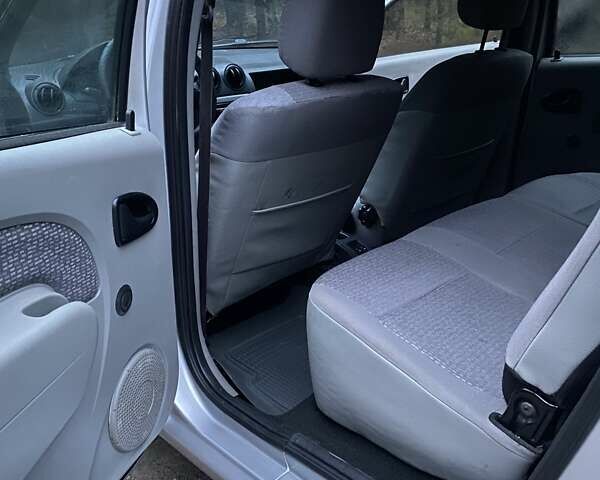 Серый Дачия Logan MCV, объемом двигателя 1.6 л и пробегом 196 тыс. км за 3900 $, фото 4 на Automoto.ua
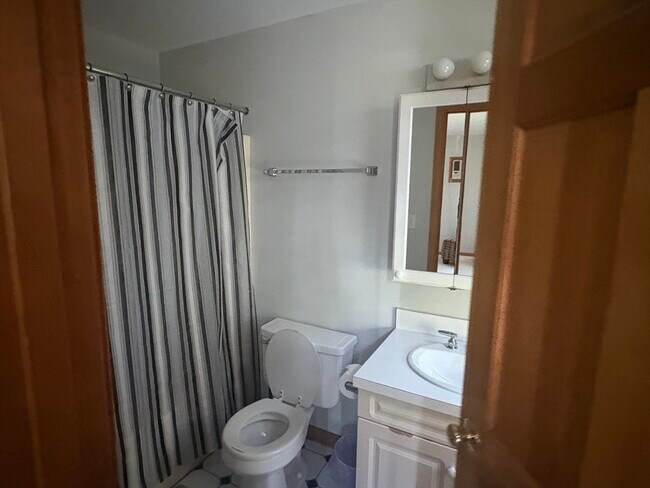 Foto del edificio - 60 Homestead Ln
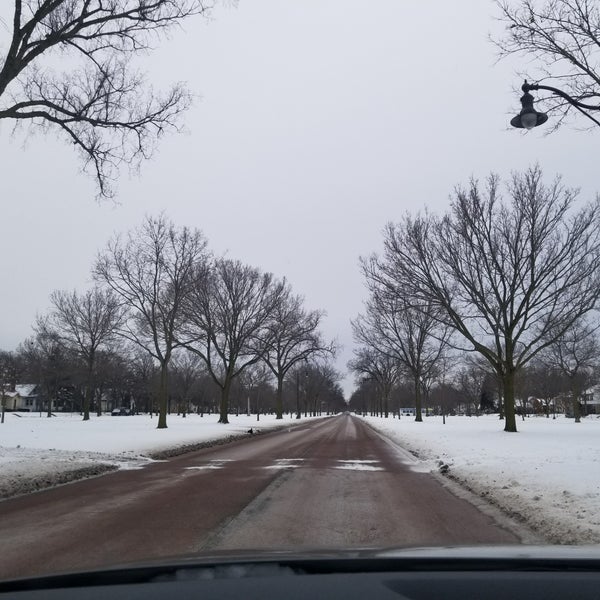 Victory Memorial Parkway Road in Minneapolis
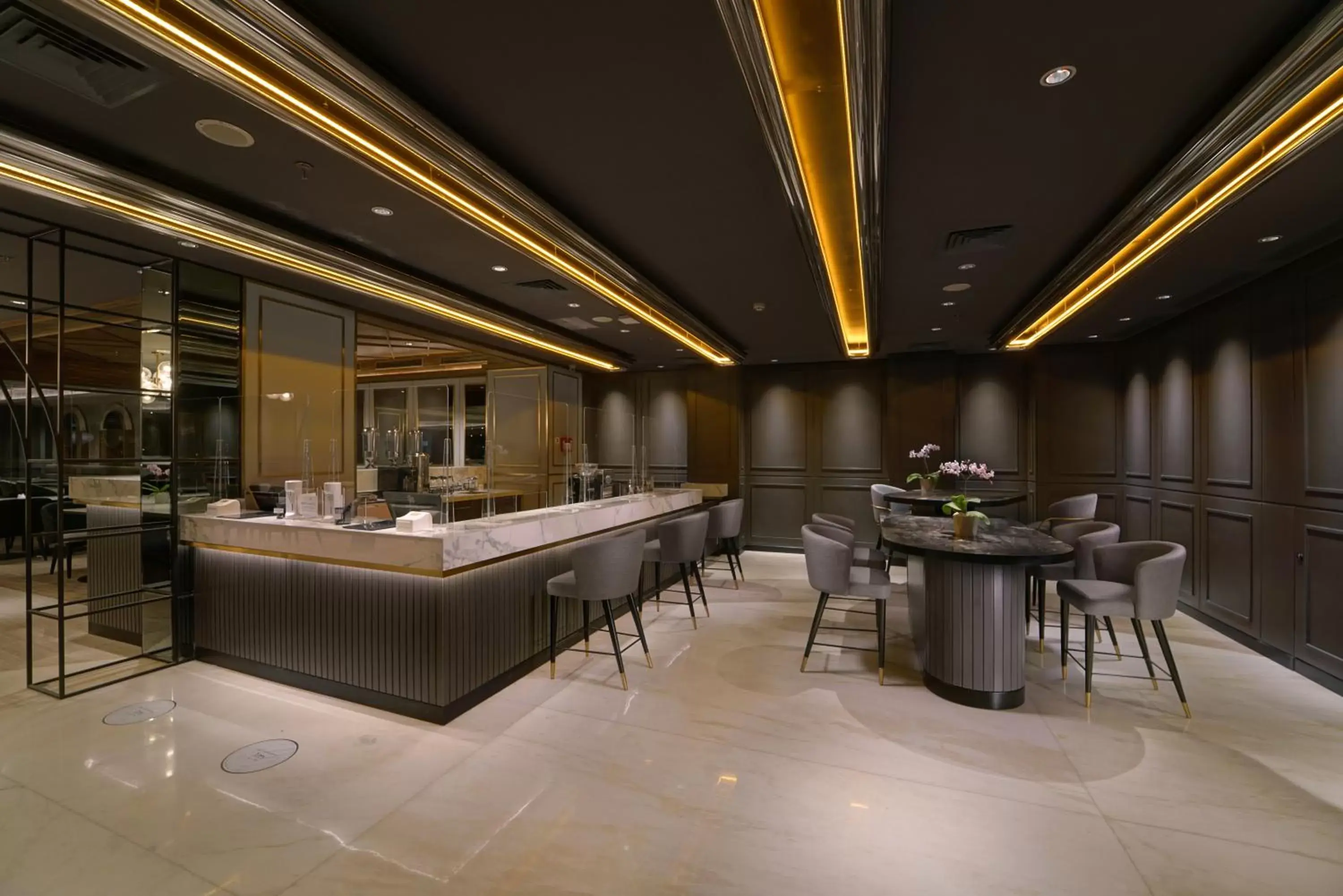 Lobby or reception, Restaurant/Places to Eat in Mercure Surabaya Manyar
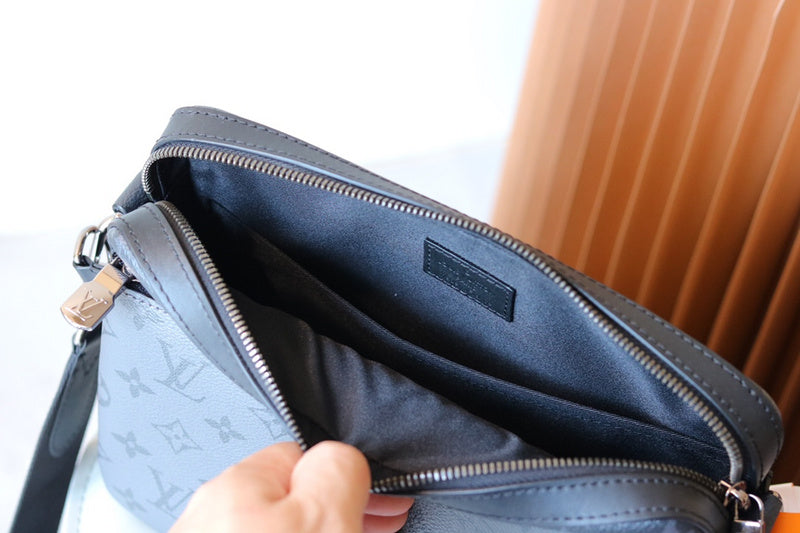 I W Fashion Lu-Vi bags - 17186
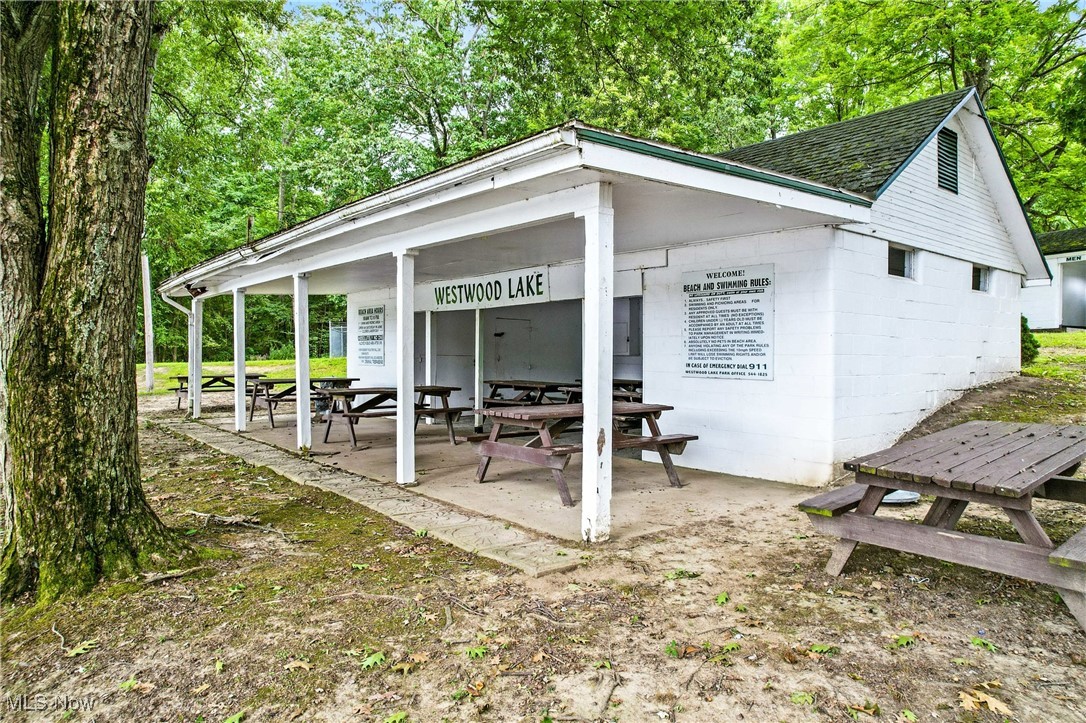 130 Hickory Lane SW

** Task prompt **
Repeat the listing exactly, pictures excluded.

** Written reply **
 Серый Дачия Logan MCV, объемом двигателя 1.6 л и пробегом 196 тыс. км за 3900 $, фото 4 на Automoto.ua
 Foto del edificio - 60 Homestead Ln
 Victory Memorial Parkway Road in Minneapolis
 Lobby or reception, Restaurant/Places to Eat in Mercure Surabaya Manyar
 I W Fashion Lu-Vi bags - 17186
 130 Hickory Lane SW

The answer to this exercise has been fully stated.